PRIVATE CLOUD 106 is similar to public cloud 105, except that the computing resources are only available for use by a single enterprise. While private cloud 106 is depicted as being in communication with WAN 102, in other embodiments a private cloud may be disconnected from the internet entirely and only accessible through a local/private network. A hybrid cloud is a composition of multiple clouds of different types (for example, private, community or public cloud types), often respectively implemented by different vendors. Each of the multiple clouds remains a separate and discrete entity, but the larger hybrid cloud architecture is bound together by standardized or proprietary technology that enables orchestration, management, and/or data/application portability between the multiple constituent clouds. In this embodiment, public cloud 105 and private cloud 106 are both part of a larger hybrid cloud.

Process and System for Analyzing Dynamic Statistical Data

FIG. 2 is a schematic block diagram of an environment 200 for analyzing dynamic statistical data, in accordance with embodiments of the present invention.

The environment 200 includes a client computer 202, a host server 210, and a machine learning server 220. Although not shown in FIG. 2, the client computer 202, host server 210, and machine learning server 220 can each includes one or more processors, non-transitory computer readable medium or memory, input/output (I/O) interface devices, and/or peripheral devices, for example, described in other embodiments of a computing environment 100 of FIG. 1. At least some of the components shown and described in FIG. 2 may be software components stored and executed by the new code for analyzing dynamic statistical data at block 180 of FIG. 1.

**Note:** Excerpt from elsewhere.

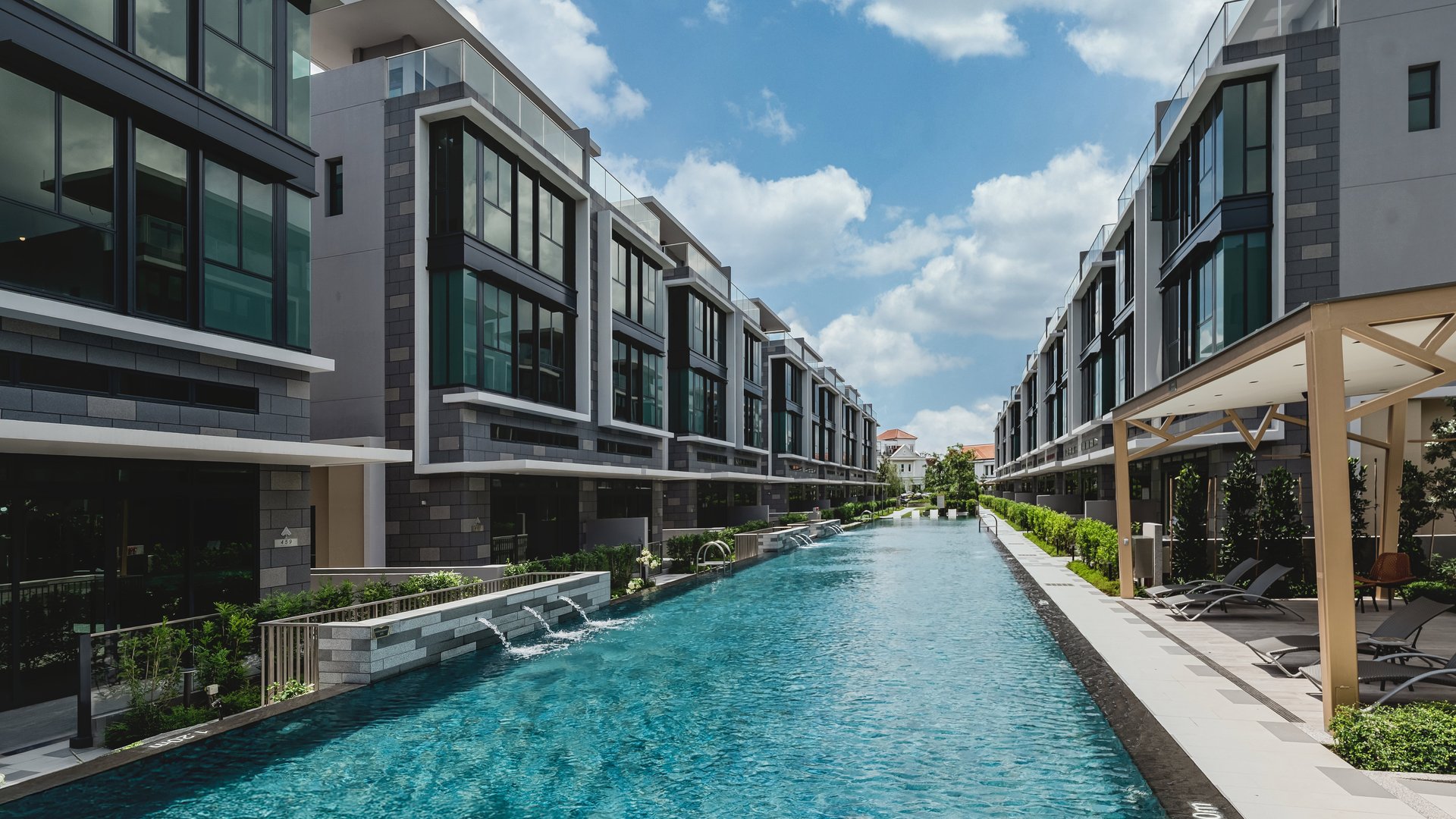 50 m lap pool lined by three-storey strata semi-detached houses at Belgravia Ace, Belgravia Drive, District 28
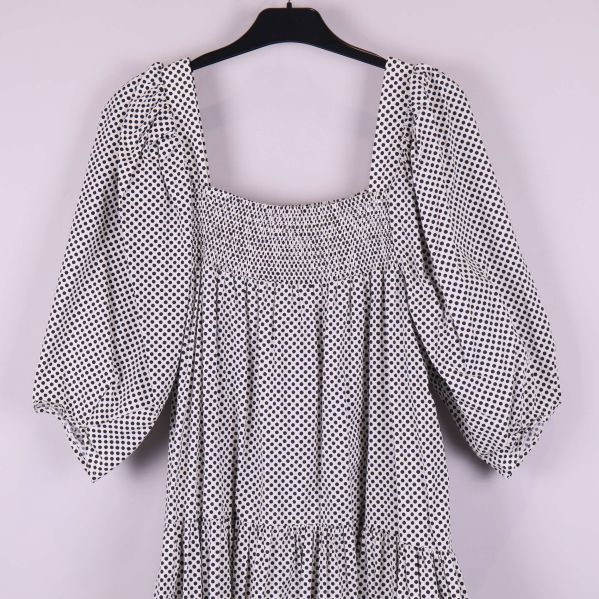 Övre delen av klänning med smock och puffärm i prickigt tyg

The client computer 202 executes programs that transmit requests to the host computer 210 such as a mainframe computer for performing operations in accordance with the requests. The client computer 202 can include a web client 203 or other computer programs that access and view data from the host server 210. For example, the web client 203 can include a client application such as web browser. In some embodiments, the web client 203 is part of a web application for allowing access to inputs by the host server 210. In some embodiments, the web client 203 includes a Graphical User Interface (GUI) that connects a user to another computer to locally or remotely to collect inputs such as statistical data, from the other computer. For example, an input may include statistical data regarding the size of a control interval, referred to as a CI Size, which can be used for debugging purposes by a system programmer or application developer. In this example, the CI Size may affect record processing speed and storage requirements related to buffer space of I/O operations, and may require analysis and a computer-generated recommendation on modifying the CI Size to improve program behavior.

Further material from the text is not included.